The Year of Living Dangerously

Year: 1982
Studio: MGM
Director: Peter Weir
Writer: David Williamson/Peter Weir
Cast: Mel Gibson, Linda Hunt, Sigourney Weaver

If there's a theme here it seems to be the Western ignorance about the culture that leads to unrest in a country like Indonesia, and because it was the 80s there's a love story subplot sort of shoehorned in.

A fresh-faced Mel Gibson is Australian journalist Guy Hamilton, who arrives in Jakarta in the mid 60s at the height of the Sukarno era to cover the political turmoil going on across the country for his broadcast employer.

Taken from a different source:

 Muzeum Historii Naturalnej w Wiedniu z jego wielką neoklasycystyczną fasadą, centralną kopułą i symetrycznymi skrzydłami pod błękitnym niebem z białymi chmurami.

He's given a small staff which includes a driver and offsider, and manages to inherit a local photographer, Billy Kwan (played by Linda Hunt, fervently if a little overeagerly, in the role that won her an Oscar) who falls in with him, offering Guy his connections so they can dig up the real story and share the spoils.

Guy and Billy become fast friends, but even as things get more fraught and Sukarno's strongarm treatment of his political rivals and the corruption at the top of his government becomes clearer, Guy turns his attention to Jill (Sigourney Weaver), a British ambassadorial attaché who leaves men weak-kneed in her wake.

The plot moves ahead mainly because of an incoming shipment of weapons Guy and Billy learn is supposedly going to be arming the communist rebels planning to overthrow Sukarno.

Already a political tinderbox, the country is set to explode when the communists strike, and as Guy tries to get to the bottom of it he also finds reason to doubt the genuine friendship shown to him by Billy, suspecting him of being a CIA informant.

It's expertly staged and shot, even if it shows its age a little today, 40 years later. The main problem I had was that I never quite got a line on exactly what it was. If it was a sweeping, old world romance amid the backdrop of a country on political tenterhooks the love story was kind of asinine and hackneyed, the sociopolitics feeling much more important.

But if it was about Indonesia in the 60s and just happened to have a romance between two attractive white people so Westerners would go and see it, it ironically feels a bit underdeveloped. As Kwan, Hunt has the most interesting role, but she comes across as so literate and spiritual for a freelance Chinese news photographer it's a bit hard to swallow.

Denied filming permission in Indonesia, the film moved to the Philippines, then moved to Sydney again after death threats against the production because of the anti-Muslim stance people assumed it would take. What's funny about the ensuing years is that today the aspect that'd be the most protested and talked about would be the role of an Asian male going to an American woman.